Data excerpts
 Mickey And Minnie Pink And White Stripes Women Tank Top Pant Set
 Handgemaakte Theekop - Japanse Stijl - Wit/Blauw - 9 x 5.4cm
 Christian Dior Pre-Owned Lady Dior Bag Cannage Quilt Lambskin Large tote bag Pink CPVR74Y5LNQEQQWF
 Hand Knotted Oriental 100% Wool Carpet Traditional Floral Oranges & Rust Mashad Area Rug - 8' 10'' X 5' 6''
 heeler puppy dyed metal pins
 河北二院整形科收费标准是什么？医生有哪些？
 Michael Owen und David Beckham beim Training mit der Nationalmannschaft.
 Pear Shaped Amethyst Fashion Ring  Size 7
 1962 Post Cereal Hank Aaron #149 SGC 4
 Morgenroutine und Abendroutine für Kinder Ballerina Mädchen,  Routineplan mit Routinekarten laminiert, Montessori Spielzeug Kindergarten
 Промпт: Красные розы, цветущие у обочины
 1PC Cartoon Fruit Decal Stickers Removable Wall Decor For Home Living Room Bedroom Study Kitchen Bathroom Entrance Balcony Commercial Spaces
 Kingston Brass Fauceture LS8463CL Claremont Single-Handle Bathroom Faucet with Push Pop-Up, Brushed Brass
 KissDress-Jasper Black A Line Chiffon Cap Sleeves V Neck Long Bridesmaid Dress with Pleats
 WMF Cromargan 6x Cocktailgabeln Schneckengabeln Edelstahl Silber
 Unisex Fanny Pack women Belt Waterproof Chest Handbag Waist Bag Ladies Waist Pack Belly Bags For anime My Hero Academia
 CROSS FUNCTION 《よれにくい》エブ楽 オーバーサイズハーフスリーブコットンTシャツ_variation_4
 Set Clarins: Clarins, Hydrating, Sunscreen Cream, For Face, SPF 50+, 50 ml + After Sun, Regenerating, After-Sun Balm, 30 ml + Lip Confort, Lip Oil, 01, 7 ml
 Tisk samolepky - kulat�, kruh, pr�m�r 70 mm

### How to complete this task
Nothing in the records may be dropped; reproduce them exactly.

### Expected answer
 Mickey And Minnie Pink And White Stripes Women Tank Top Pant Set
 Handgemaakte Theekop - Japanse Stijl - Wit/Blauw - 9 x 5.4cm
 Christian Dior Pre-Owned Lady Dior Bag Cannage Quilt Lambskin Large tote bag Pink CPVR74Y5LNQEQQWF
 Hand Knotted Oriental 100% Wool Carpet Traditional Floral Oranges & Rust Mashad Area Rug - 8' 10'' X 5' 6''
 heeler puppy dyed metal pins
 河北二院整形科收费标准是什么？医生有哪些？
 Michael Owen und David Beckham beim Training mit der Nationalmannschaft.
 Pear Shaped Amethyst Fashion Ring  Size 7
 1962 Post Cereal Hank Aaron #149 SGC 4
 Morgenroutine und Abendroutine für Kinder Ballerina Mädchen,  Routineplan mit Routinekarten laminiert, Montessori Spielzeug Kindergarten
 Промпт: Красные розы, цветущие у обочины
 1PC Cartoon Fruit Decal Stickers Removable Wall Decor For Home Living Room Bedroom Study Kitchen Bathroom Entrance Balcony Commercial Spaces
 Kingston Brass Fauceture LS8463CL Claremont Single-Handle Bathroom Faucet with Push Pop-Up, Brushed Brass
 KissDress-Jasper Black A Line Chiffon Cap Sleeves V Neck Long Bridesmaid Dress with Pleats
 WMF Cromargan 6x Cocktailgabeln Schneckengabeln Edelstahl Silber
 Unisex Fanny Pack women Belt Waterproof Chest Handbag Waist Bag Ladies Waist Pack Belly Bags For anime My Hero Academia
 CROSS FUNCTION 《よれにくい》エブ楽 オーバーサイズハーフスリーブコットンTシャツ_variation_4
 Set Clarins: Clarins, Hydrating, Sunscreen Cream, For Face, SPF 50+, 50 ml + After Sun, Regenerating, After-Sun Balm, 30 ml + Lip Confort, Lip Oil, 01, 7 ml
 Tisk samolepky - kulat�, kruh, pr�m�r 70 mm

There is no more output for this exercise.